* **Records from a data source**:
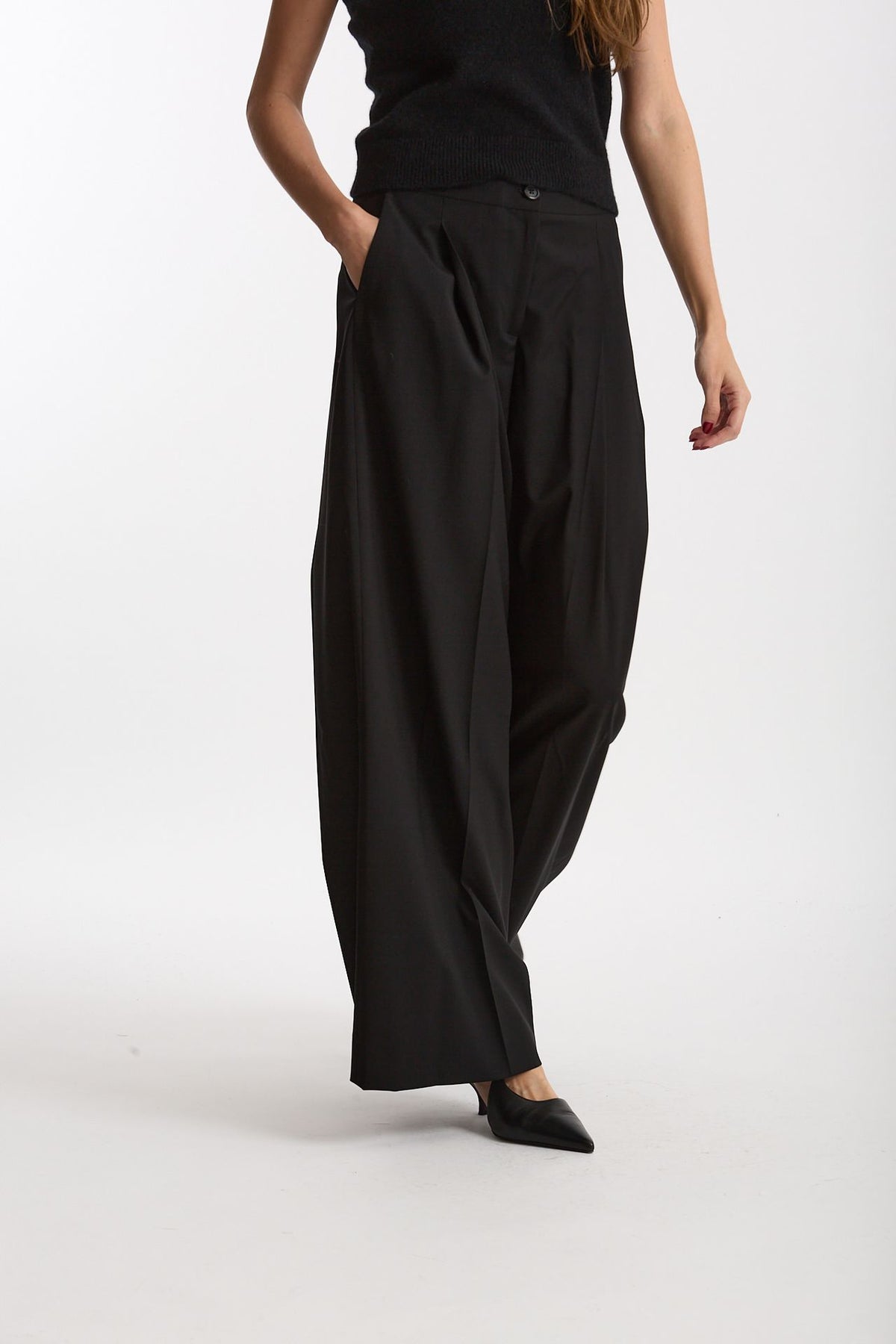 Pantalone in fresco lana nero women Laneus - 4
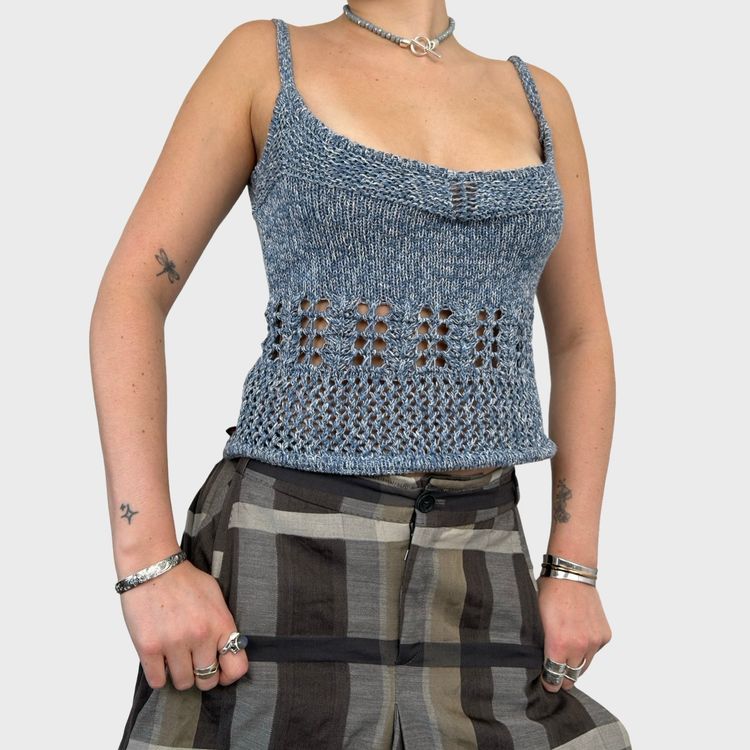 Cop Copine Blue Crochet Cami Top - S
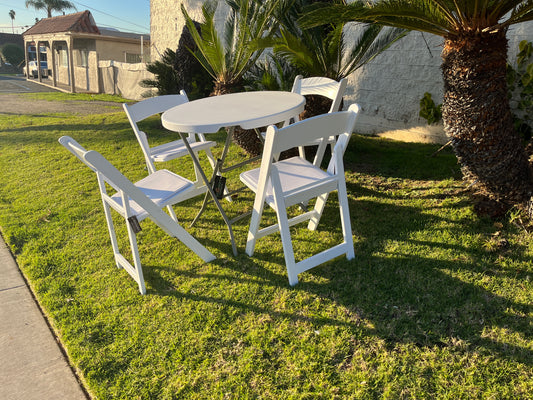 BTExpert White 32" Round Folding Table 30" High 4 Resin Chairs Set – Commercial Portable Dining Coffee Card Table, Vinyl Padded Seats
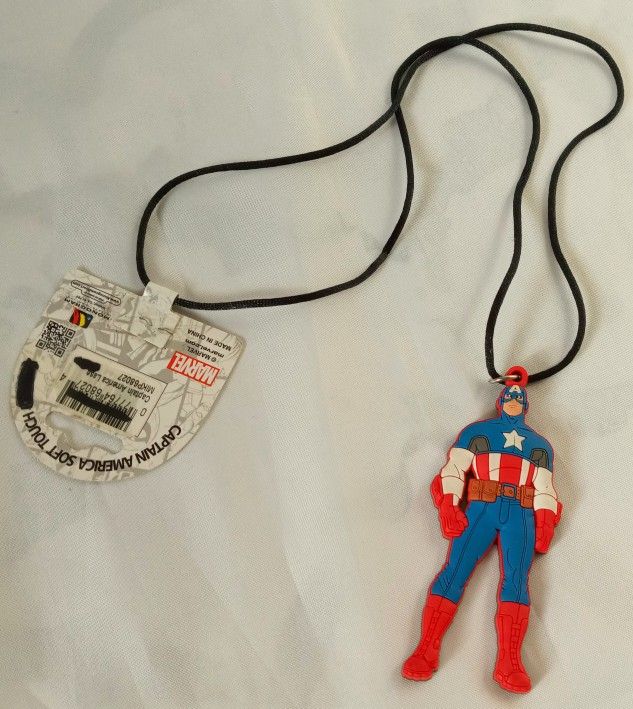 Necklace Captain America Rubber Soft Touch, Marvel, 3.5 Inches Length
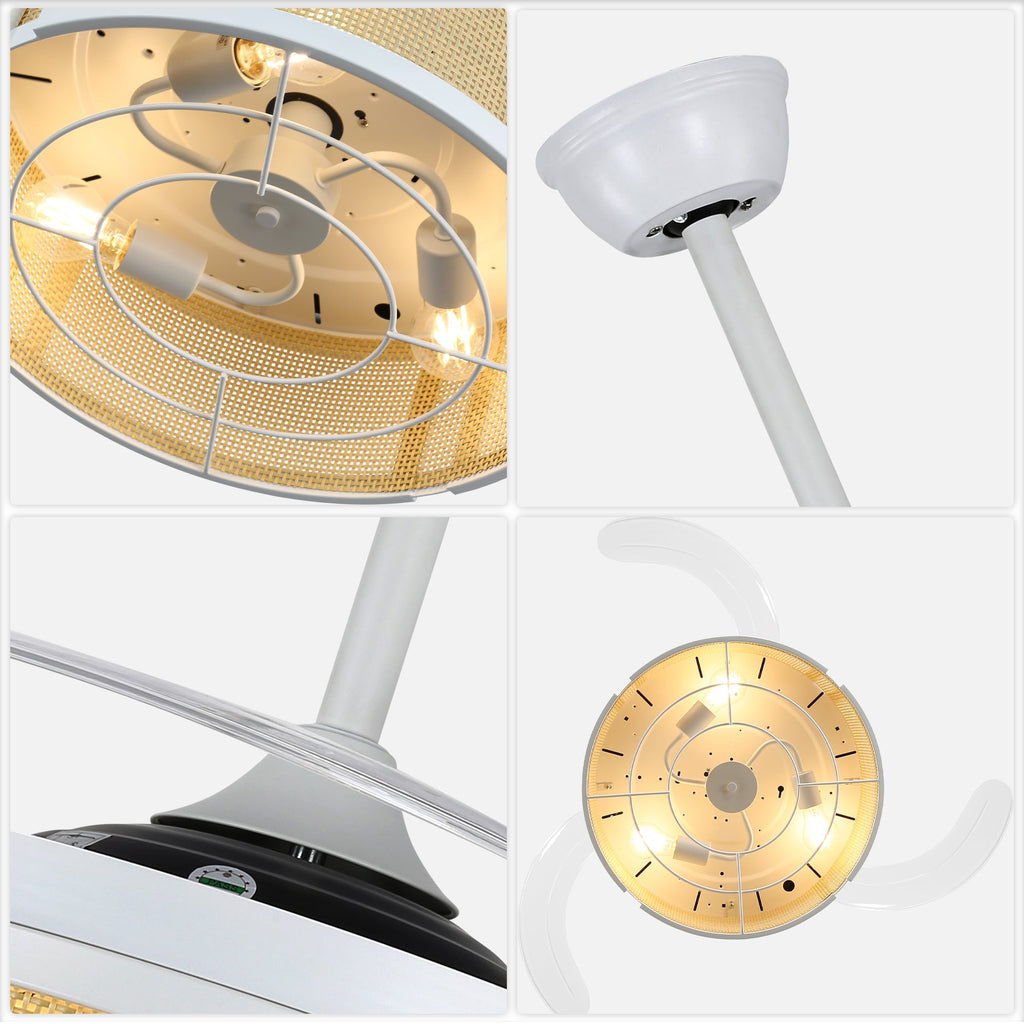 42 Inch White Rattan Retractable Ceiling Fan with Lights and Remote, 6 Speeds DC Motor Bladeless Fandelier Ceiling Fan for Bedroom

* **Prompt**:
Would you restate all of the data above word for word, omitting the pictures?

* **Output**:
 Pantalone in fresco lana nero women Laneus - 4
 Cop Copine Blue Crochet Cami Top - S
 BTExpert White 32" Round Folding Table 30" High 4 Resin Chairs Set – Commercial Portable Dining Coffee Card Table, Vinyl Padded Seats
 Necklace Captain America Rubber Soft Touch, Marvel, 3.5 Inches Length
 42 Inch White Rattan Retractable Ceiling Fan with Lights and Remote, 6 Speeds DC Motor Bladeless Fandelier Ceiling Fan for Bedroom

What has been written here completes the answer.